-- Data records follows --
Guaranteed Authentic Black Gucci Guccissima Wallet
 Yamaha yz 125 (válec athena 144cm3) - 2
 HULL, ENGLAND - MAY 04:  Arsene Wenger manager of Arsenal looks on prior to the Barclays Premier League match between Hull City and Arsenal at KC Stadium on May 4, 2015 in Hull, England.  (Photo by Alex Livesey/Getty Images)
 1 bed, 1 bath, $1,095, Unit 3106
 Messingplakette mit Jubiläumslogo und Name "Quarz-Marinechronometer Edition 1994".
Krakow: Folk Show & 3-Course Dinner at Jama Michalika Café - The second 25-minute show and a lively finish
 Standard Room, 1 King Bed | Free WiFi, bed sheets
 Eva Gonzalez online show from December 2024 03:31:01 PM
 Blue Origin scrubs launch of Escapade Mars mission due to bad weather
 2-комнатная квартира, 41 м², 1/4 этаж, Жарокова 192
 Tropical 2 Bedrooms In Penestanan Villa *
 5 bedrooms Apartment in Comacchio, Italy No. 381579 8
-- Data records concluded --
» **Requirement**
Work out how many lines of the records contain "show", and reply with the number alone.

» **Solution to this problem**
2